Not even a swim in the chilly city pool can cool tempers here. If anything, the Greek deal is just one more reason why many people here won’t bother voting tomorrow. The other reason is a growing feeling of helplessness amid the chilly winds of globalisation.
Down the road from Duisburg in Düsseldorf, Frank Rabes downs an after-work beer in the Schlössel pub and tells how one friend after another in the steel industry lost their jobs in the past decade.
“Now they hire unskilled workers for €6.50 an hour, teach them to do one thing and call themselves services companies,” says the 50- year-old metalworker, who is dressed head-to-toe in denim.
With its huge working-class population, the Ruhr was once a stronghold of Social Democrat (SPD) voters. Rabes says he’s an SPD voter at heart, but like many here he has no interest in voting. The forces at work, squeezing his quality of life, are beyond the control of any political party, he says.
“The politicians just smooth the way: hire-fire laws are loosened up and wages are slashed, all in the name of greater flexibility,” says the Düsseldorf native. “This used to be a steel city, but now it’s an office city just like any other.”
After years of decline, a huge Ruhr rescue effort is under way – with an uncertain outcome. As the area is a European capital of culture in 2010, the state government hopes to change how locals and visitors view the region, away from an industrial and towards a cultural metropole.
BUT CULTURE cannot hope to fill the gaping hole left in the economy by steel and coal. That role has fallen to Duisport, Europe’s largest inland harbour, outside Duisburg.
Built a century ago for the industrial age, the massive area of cranes, container ships and warehouses on the Rhine River has transformed itself into a highly profitable logistics hub. Some 110 million tonnes of cargo pass through here annually, where the water hub linking Hamburg and Rotterdam meets the rail hub between the Benelux countries and eastern Europe. Some 36,000 jobs have been created through Duisport in the past decade, and the facility is struggling to keep up with demand for its services.

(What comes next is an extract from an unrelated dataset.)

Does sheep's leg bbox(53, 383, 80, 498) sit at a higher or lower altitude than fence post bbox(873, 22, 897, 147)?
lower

“The transformation of the region is well under way, though cliches about the Ruhr smokestacks and pollution persist,” says Jan Boruszewski, the head of Duisport corporate development. “But people here in the Ruhr are used to knuckling down and aren’t afraid of hard work.” Once, in the industrial age, Germany’s Ruhr region got the world moving. Now, in the globalised age, its ambition is to keep the world moving.